2018年度に向け1兆円規模の戦略投資を実行、M&Aも視野に――パナソニック:ビジネスニュース 企業動向(3/3 ページ)
パナソニックは、2018年度に売上高10兆円の達成に向けて、その道筋を明確にするとともに、通常の投資とは別にM&Aを含め4年間で1兆円規模の戦略投資を実行する考えだ。
車載では、1兆3000億円の売上高を見込む
車載事業では、2015年度に1兆3000億円の売上高を見込む。2018年度は2兆1000億円を計画しており、このうち70%はすでに受注が確定しているという。「短期的には開発投資が膨らむが、長期的には会社の業績拡大をけん引していく事業」(津賀氏)と位置付けている。
海外戦略も強化していく。特に開製販一体となった地域完結型経営で、事業拡大を加速する。その一環として、2015年4月に「APアジア」と「AP中国」をそれぞれ設立した。
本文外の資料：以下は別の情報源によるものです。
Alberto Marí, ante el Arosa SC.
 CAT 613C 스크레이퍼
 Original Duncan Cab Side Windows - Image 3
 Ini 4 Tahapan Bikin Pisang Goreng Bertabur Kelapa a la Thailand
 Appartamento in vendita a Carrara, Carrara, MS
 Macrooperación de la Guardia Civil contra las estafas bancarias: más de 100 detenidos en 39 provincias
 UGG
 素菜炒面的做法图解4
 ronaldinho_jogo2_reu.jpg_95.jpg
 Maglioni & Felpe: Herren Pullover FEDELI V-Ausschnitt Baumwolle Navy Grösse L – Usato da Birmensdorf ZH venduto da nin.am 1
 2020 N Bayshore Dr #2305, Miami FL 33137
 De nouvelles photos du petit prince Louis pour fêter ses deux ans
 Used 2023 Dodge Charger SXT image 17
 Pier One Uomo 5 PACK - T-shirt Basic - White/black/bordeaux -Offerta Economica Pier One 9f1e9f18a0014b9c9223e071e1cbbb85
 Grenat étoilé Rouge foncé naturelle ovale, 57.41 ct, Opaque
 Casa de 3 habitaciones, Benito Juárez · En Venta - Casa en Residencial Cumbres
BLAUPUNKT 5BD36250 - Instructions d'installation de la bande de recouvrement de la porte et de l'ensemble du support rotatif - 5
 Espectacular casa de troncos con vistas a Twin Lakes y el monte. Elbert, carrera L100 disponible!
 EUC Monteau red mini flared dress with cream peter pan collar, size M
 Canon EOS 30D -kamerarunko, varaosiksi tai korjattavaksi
APアジアはマレーシア・クアラルンプールを事業拠点として、ベトナム・ハノイにも開発部隊が常駐する。AP中国は杭州を事業拠点とし、上海に営業/マーケティング部門を集約する。「これまで本気で取り組んでこなかったプレミアム家電製品をラインアップして、富裕層へ訴求していく」(津賀氏)考えだ。
B2Bソリューション事業においても、AVCネットワークス社の新社長が米国を拠点として活動することになった。北米市場における潜在需要の開拓に期待する。また、M&Aも視野に入れてグローバルな活動を展開していく狙いもある。
最後に津賀氏は、戦略的な投資についても触れた。「2018年度の売上高10兆円達成に向けて、4年間で1兆円規模の戦略投資を実行する」考えを明らかにした。2015年度は通常の設備投資として約2800億円を計画している。それとは別に戦略投資として約2000億円を追加で実行する予定だ。
戦略投資はM&AやR&D、広告宣伝などの費用に充てる。現状でM&Aの具体的な案件が決まっているわけではないが、戦略投資の対象として挙げた前出の6事業/市場を主体に、メリハリを付けた投資を行う方針である。4000億円の社債発行を終え、事業からキャッシュを生み出せる企業体質に変わってきた中で、「戦略投資は一気呵成(かせい)に行う必要がある。スピード感を持って重点事業を展開するための投資でもある」(津賀氏)と語った。